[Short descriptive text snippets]
*** Begin section ***
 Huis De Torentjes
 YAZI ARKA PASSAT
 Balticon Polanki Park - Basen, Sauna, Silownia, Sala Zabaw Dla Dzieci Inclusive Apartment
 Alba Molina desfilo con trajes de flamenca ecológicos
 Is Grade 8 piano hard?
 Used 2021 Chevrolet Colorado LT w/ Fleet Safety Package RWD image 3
*** End section ***
▸ **Exercise**
Only the lines from the line with "Is Grade 8 piano hard?" to the final line of the entries are to be returned, each exactly as written, both ends included.

▸ **Answer section**
 Is Grade 8 piano hard?
 Used 2021 Chevrolet Colorado LT w/ Fleet Safety Package RWD image 3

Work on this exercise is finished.